What is information theoretic entropy and its physical significance?
The entropy of a message is a measurement of how much information it carries.
One way of saying this (per your textbook) is to say that a message has high entropy if each word (message sequence) carries a lot of information. Another way of putting it is saying that if we don't get the message, we lose a lot of information; i.e., entropy is a measure of the number of different things that message could have said. All of these definitions are consistent, and in a sense, the same.
To your first question: the entropy of each letter of the English language is about two bits, as opposed to a Hindi letter which apparently contains $3$.
The question this measurement answers is essentially the following: take a random sentence in English or Hindi, and delete a random letter.
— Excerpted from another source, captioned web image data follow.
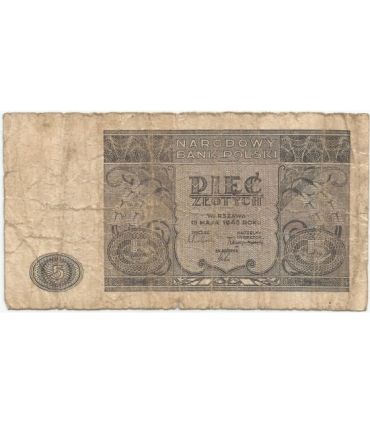 5 zł, 1946, stan 4-/5+
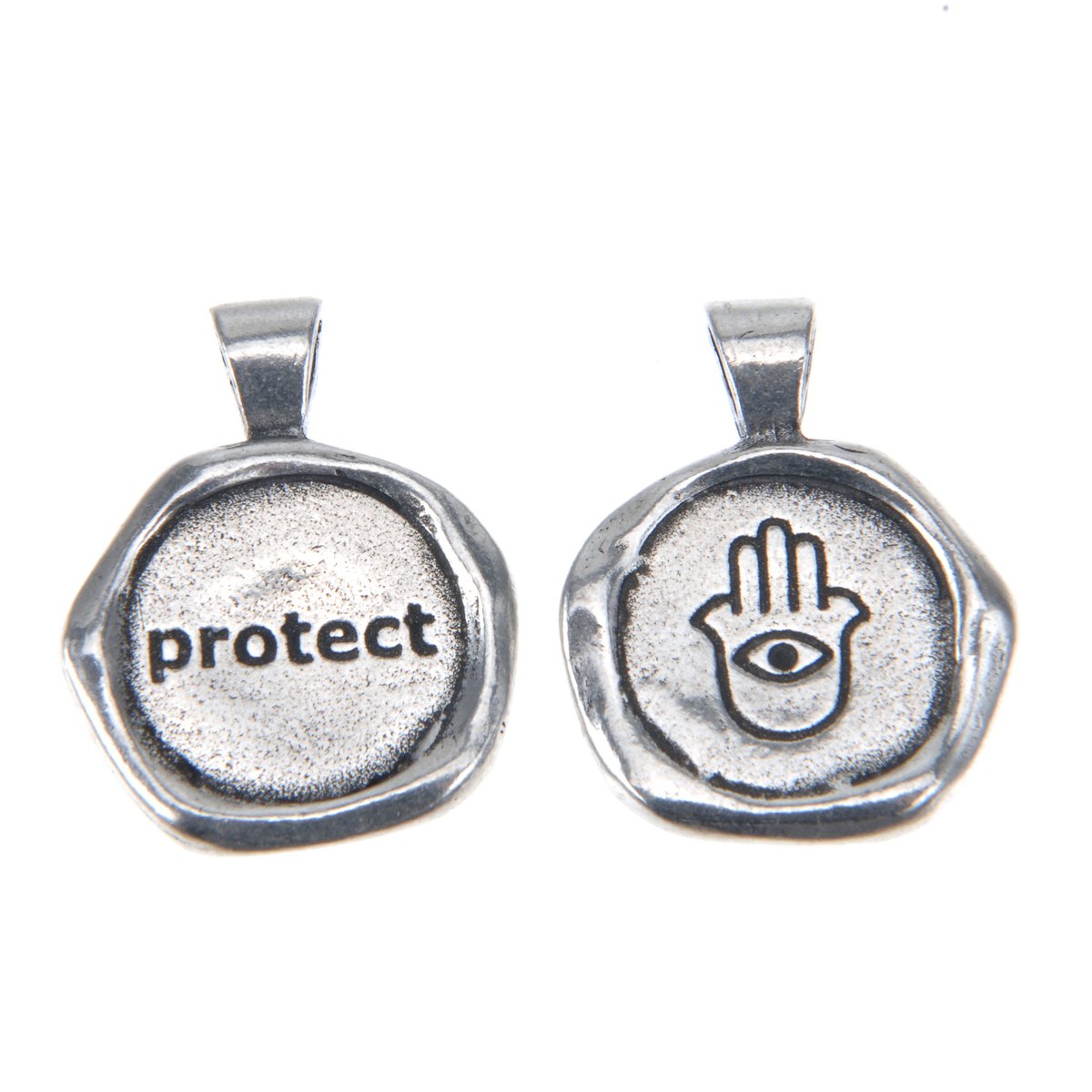 Protect Wax Seal on 30" Ball Chain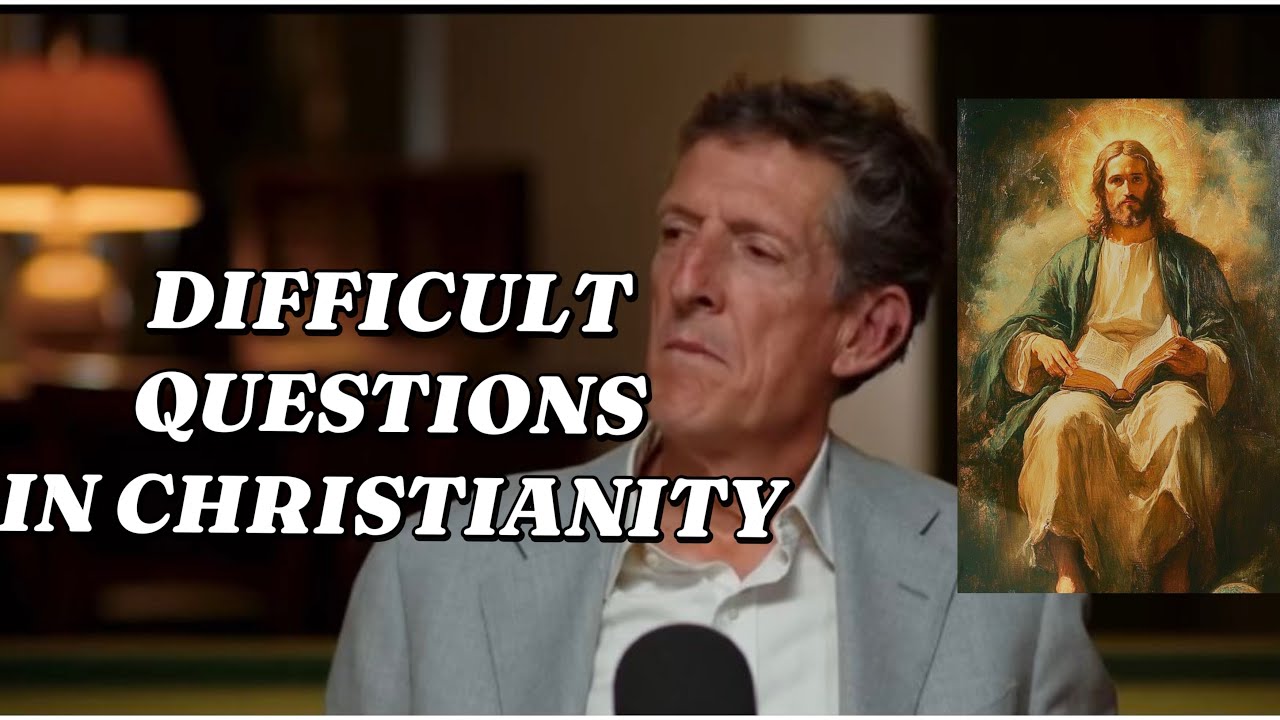 Cliffe Knechtle Explains What Troubles Him The Most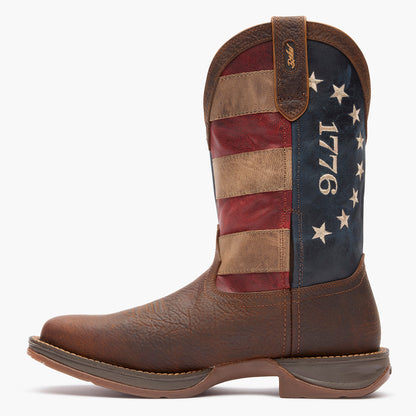 Durango Durango® Rebel™ America 250 Flag Western Boot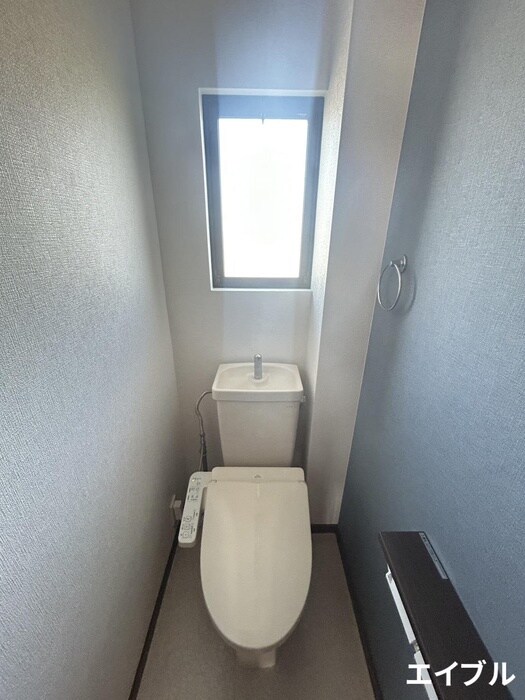 物件内観写真9　(トイレ)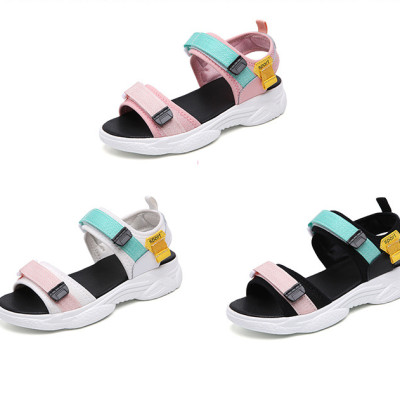 Giày Sandal nữ kiểu dáng mới chống trơn, trượt – GSDN10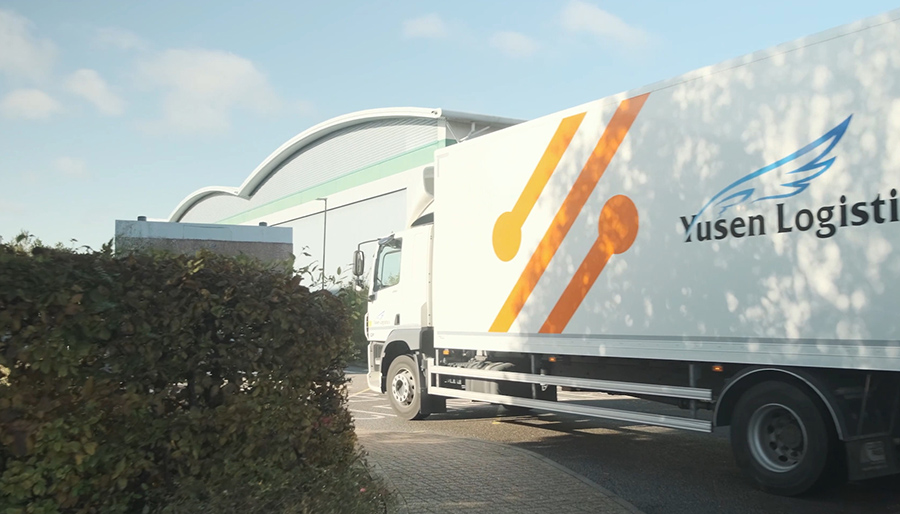 Yusen Logistics partners with AllChiefs to develop a new carbon insetting offering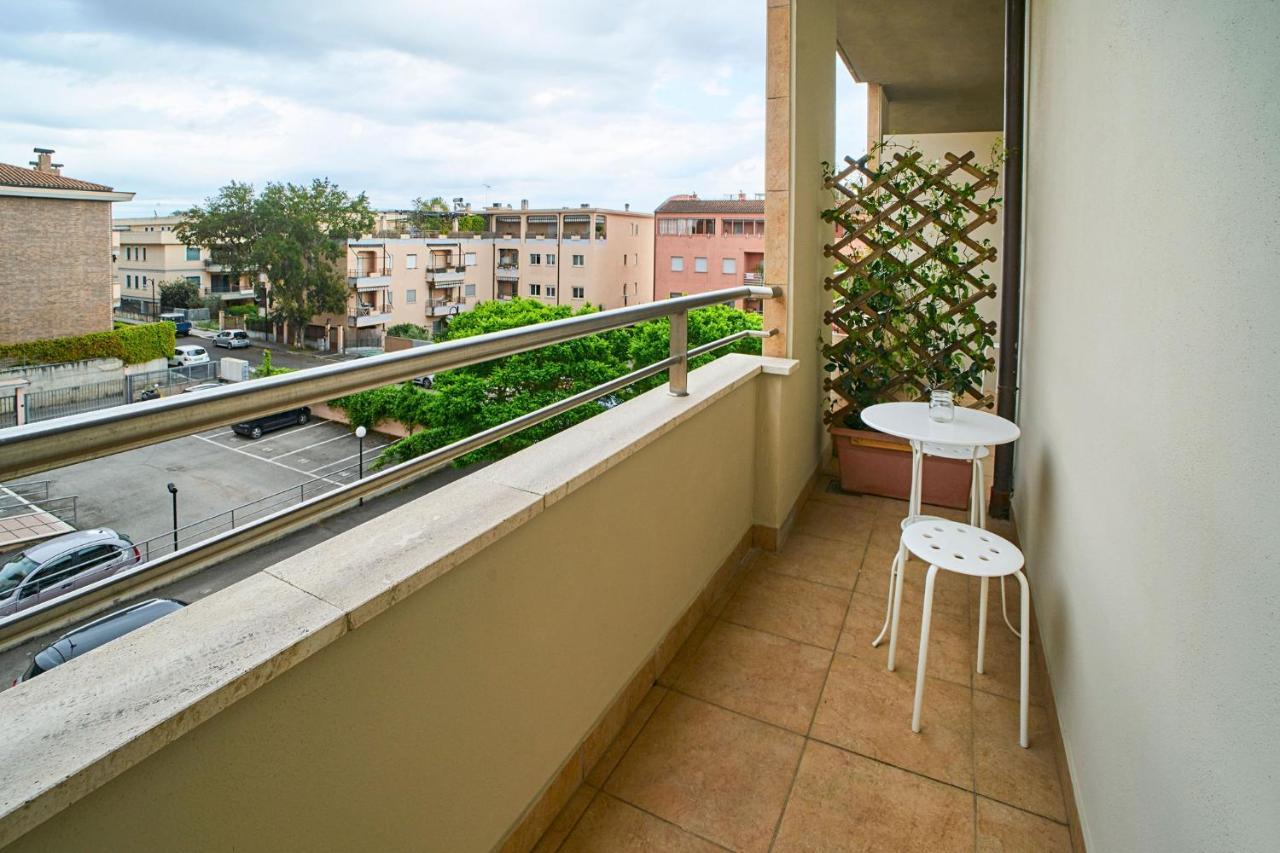 Arcibaleno Hotell Sabaudia Exteriör bild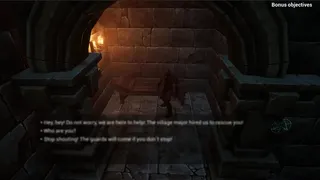 Скриншот 4 к игре Shards of Feyra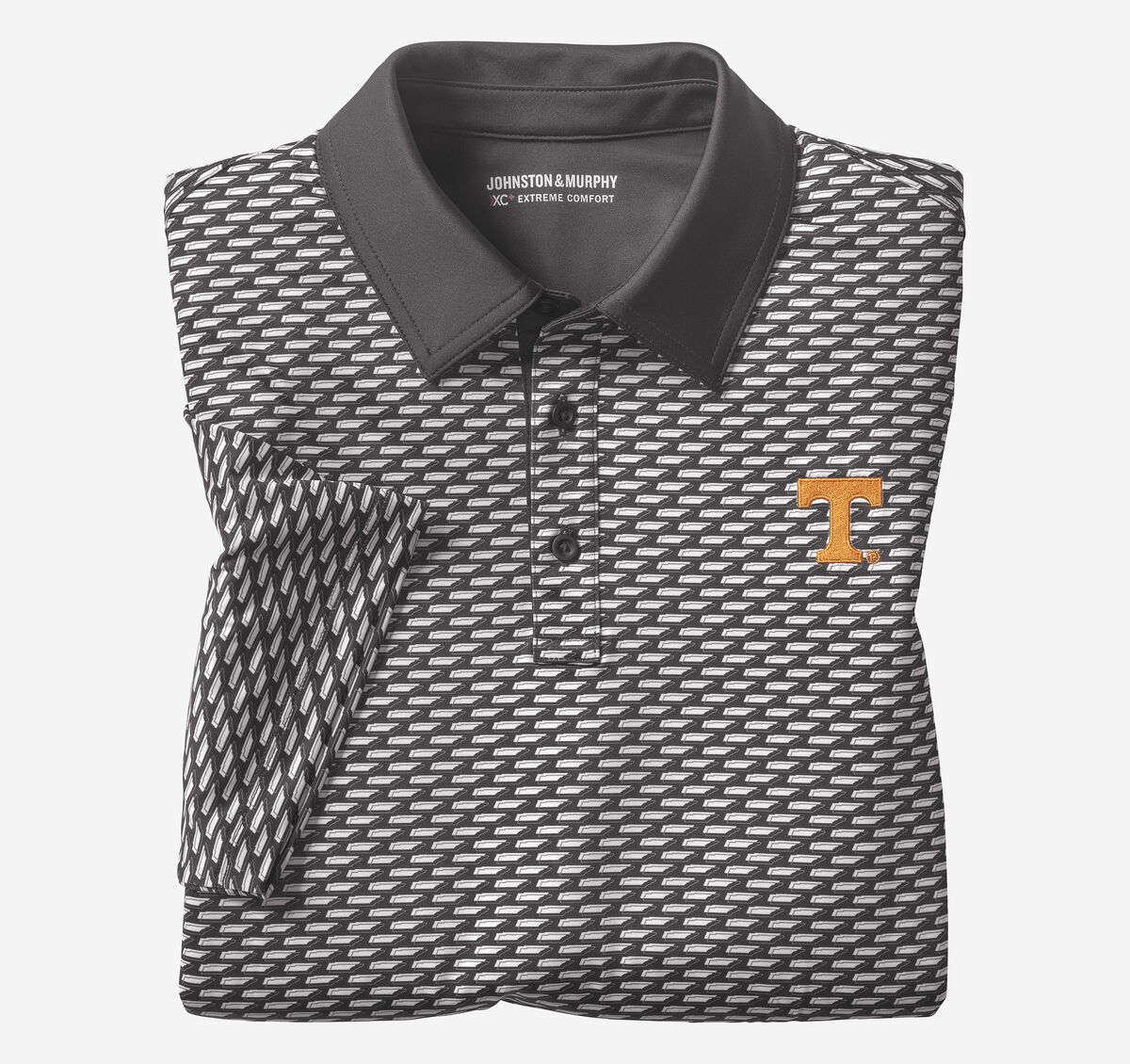 Collegiate XC+&trade; State Print Polo image number null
On average, how many possible letters might we expect to be in that blank? In English, there are on average $2$ possibilities. In Hindi, $3$
EDIT: the simplest way to explain these measurements is that it would take, on average, $2$ yes/no questions to deduce a missing english letter and $3$ yes/no question to deduce a missing Hindi letter. On average, there are in fact twice as many Hindi letters (on "average", you'd have $2^3=8$ letters) that can fill in a randomly deleted letter in a Hindi passage as the number of English letters (on "average", you'd have $2^2=4$ letters). See also Chris's comment below for another perspective.
For a good discussion of this stuff in the context of language, I recommend taking a look at this page.
As for (2), I don't think I can answer that satisfactorily.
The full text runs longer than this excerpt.